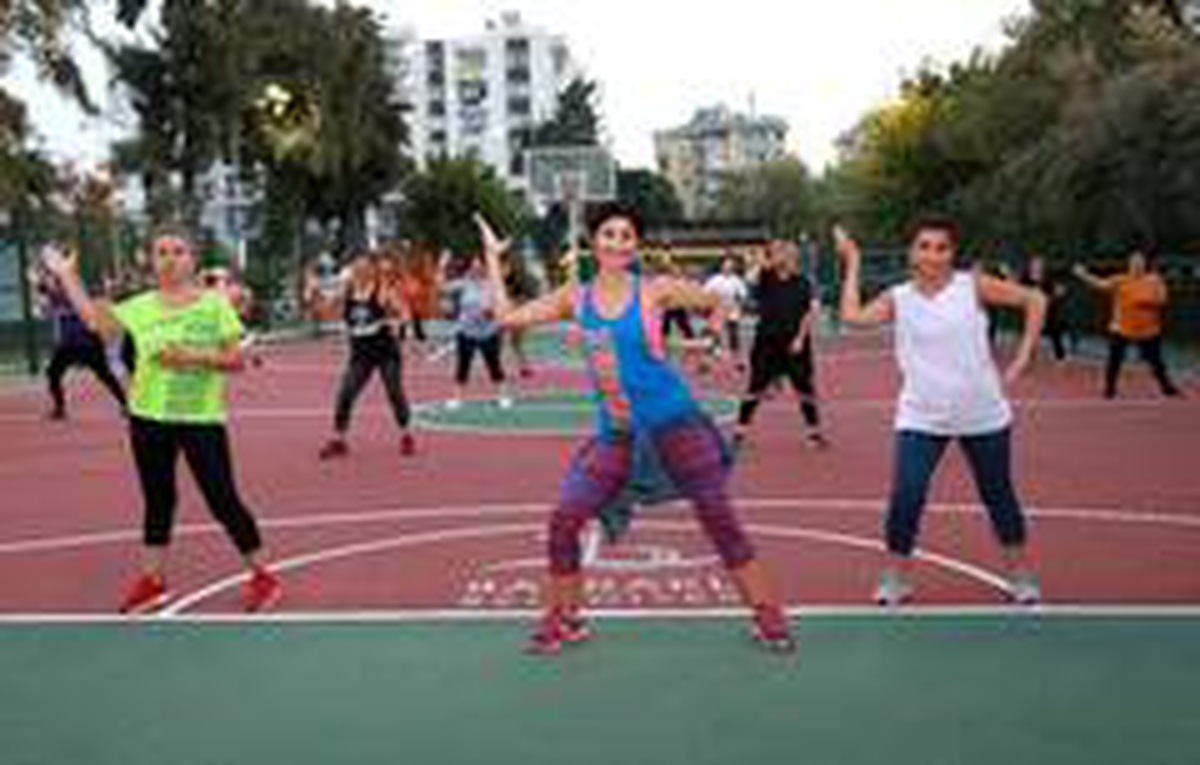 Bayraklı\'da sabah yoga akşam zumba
* * *
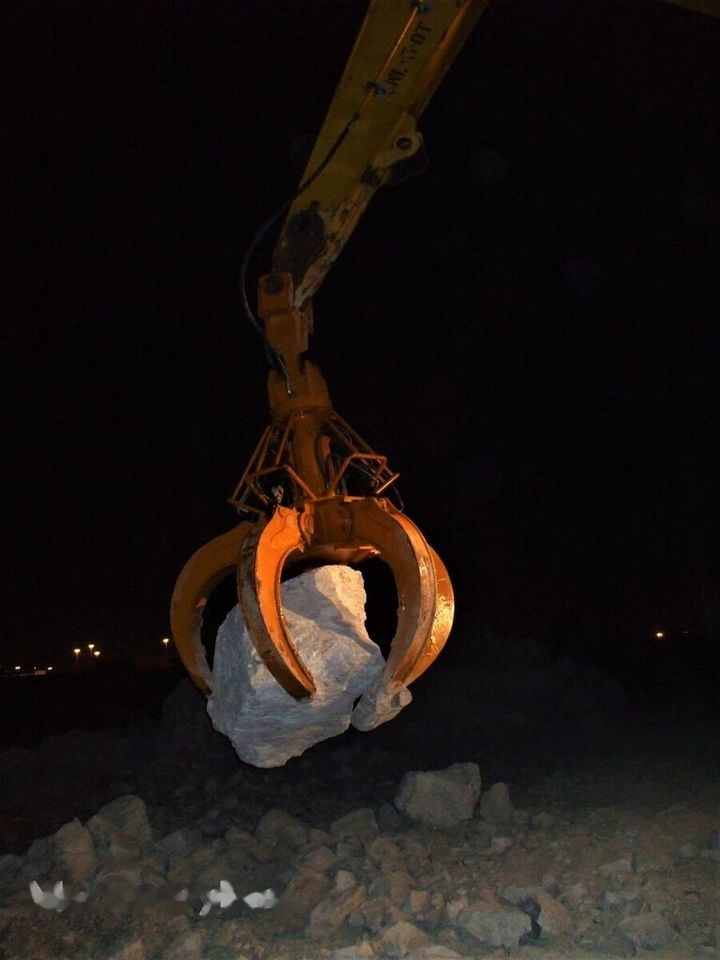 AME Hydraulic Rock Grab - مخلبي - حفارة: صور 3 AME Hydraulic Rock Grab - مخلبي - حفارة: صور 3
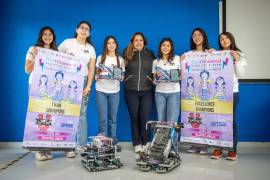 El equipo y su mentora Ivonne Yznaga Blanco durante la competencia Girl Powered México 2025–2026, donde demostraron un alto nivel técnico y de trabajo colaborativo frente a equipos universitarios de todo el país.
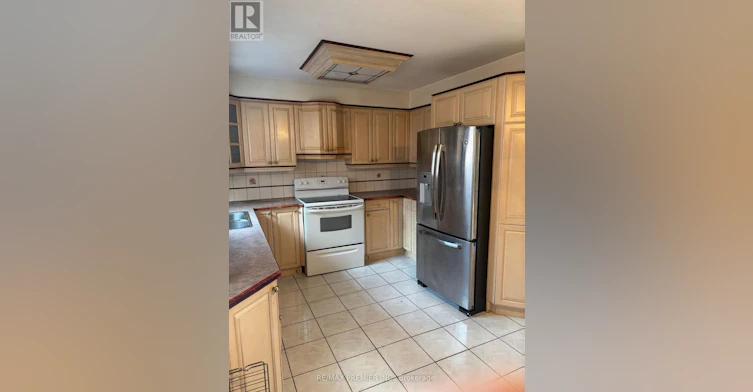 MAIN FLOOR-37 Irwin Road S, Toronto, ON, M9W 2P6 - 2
==
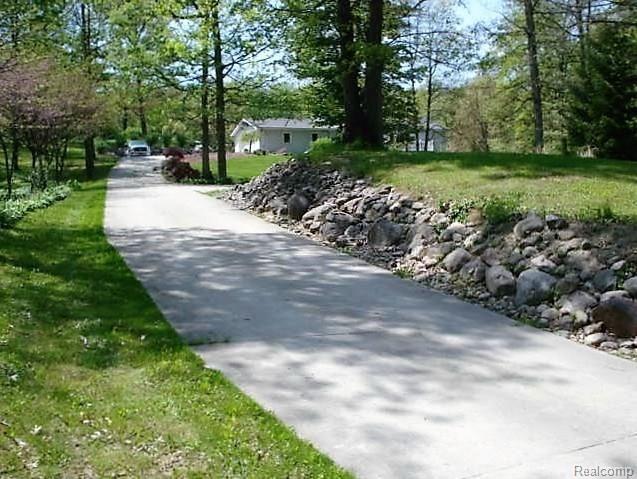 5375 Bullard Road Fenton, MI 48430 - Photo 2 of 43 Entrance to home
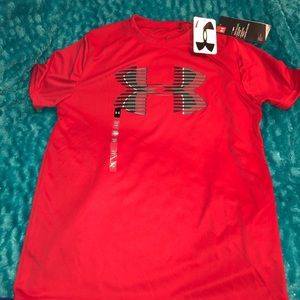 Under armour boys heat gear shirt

- [What is expected] Would you copy, word for word, only the lines above from the one containing "AME Hydraulic Rock Grab - مخلبي - حفارة: صور 3 AME" through the one containing "MAIN FLOOR-37 Irwin", both included, and please leave out the pictures?

- [The answer]
 AME Hydraulic Rock Grab - مخلبي - حفارة: صور 3 AME Hydraulic Rock Grab - مخلبي - حفارة: صور 3
 El equipo y su mentora Ivonne Yznaga Blanco durante la competencia Girl Powered México 2025–2026, donde demostraron un alto nivel técnico y de trabajo colaborativo frente a equipos universitarios de todo el país.
 MAIN FLOOR-37 Irwin Road S, Toronto, ON, M9W 2P6 - 2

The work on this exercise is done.